Undergraduate course, University of California, Berkeley, 2012
I taught the undergraduate Math 54 course at the University of California, Berkeley.
Graduate course, Institute of Computational and Mathematical Engineering (ICME), Stanford University, 2015
I taught the Numerical Linear Algebra ICME refresher course for incoming ICME graduate students to help them prepare for their first year core graduate courses.
Professional and student course, Institute of Computational and Mathematical Engineering, Stanford University, 2016
I was the organizer of the 2016 ICME Data Science Workshops, which covered the fundamentals of data science for Stanford students and professionals in industry. I was also the instructor of the Advanced MATLAB workshop.
Graduate course, Stanford University, 2016
I taught and developed an Advanced MATLAB course aimed for graduate student scientists and engineers, covering topics including data structures, memory management, advanced graphics in higher dimensions, code optimization and debugging, object-oriented programming, compiled MATLAB (MEX files and MATLAB coder), and optimization, parallel computing, symbolic math and PDEs toolboxes.

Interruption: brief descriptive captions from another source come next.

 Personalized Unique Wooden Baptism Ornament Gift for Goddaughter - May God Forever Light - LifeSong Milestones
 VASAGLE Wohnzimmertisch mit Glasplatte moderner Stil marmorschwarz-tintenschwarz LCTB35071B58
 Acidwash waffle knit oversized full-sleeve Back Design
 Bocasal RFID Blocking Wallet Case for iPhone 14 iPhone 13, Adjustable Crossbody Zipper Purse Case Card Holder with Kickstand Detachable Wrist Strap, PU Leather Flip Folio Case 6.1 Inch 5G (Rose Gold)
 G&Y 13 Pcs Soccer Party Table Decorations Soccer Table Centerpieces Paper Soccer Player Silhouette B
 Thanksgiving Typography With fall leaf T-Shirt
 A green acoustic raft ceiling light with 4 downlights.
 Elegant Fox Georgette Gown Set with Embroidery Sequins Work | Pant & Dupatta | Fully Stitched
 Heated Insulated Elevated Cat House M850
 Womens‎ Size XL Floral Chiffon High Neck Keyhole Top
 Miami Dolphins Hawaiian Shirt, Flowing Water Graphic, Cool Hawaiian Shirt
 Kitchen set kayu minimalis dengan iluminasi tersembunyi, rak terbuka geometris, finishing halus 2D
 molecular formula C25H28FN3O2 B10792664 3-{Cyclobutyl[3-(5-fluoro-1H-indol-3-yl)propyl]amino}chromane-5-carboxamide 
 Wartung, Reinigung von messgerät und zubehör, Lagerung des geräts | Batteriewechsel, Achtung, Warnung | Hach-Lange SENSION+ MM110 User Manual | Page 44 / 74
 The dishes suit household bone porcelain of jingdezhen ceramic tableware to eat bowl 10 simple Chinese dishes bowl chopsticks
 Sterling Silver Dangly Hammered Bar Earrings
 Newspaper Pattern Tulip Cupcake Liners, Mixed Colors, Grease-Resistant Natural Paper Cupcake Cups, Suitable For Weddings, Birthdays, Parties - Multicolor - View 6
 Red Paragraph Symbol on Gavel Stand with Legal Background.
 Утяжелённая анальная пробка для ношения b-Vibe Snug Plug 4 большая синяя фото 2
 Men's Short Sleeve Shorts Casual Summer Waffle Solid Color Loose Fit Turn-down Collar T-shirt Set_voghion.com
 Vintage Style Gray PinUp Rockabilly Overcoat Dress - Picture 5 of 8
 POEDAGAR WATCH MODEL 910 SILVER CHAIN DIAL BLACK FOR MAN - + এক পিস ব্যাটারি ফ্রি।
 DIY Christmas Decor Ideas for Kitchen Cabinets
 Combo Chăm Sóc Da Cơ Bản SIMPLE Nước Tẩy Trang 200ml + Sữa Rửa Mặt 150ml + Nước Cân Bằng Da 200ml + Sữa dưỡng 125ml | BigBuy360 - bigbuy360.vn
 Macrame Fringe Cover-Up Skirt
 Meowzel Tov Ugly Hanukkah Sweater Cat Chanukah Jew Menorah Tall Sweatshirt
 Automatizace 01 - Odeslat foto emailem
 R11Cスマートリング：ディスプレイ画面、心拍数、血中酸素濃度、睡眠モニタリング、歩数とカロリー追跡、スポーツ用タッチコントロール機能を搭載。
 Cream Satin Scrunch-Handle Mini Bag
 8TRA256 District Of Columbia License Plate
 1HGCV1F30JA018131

Professional course, Amazon Web Services (AWS), 2022
I taught and developed the materials for a course on operational time series forecasting covering classical local state space models, e.g., ARIMA and ETS and deep learning models, e.g., DeepAR. In addition, we covered how to use the GluonTS time series toolkit.
Professional and student course, Institute of Computational and Mathematical Engineering, Stanford University, 2023
I taught the Introduction to Statistics course at the 2023 ICME Summer Workshops Fundamentals of Data Science, which covers the fundamentals of data science for Stanford students and professionals in industry internationally.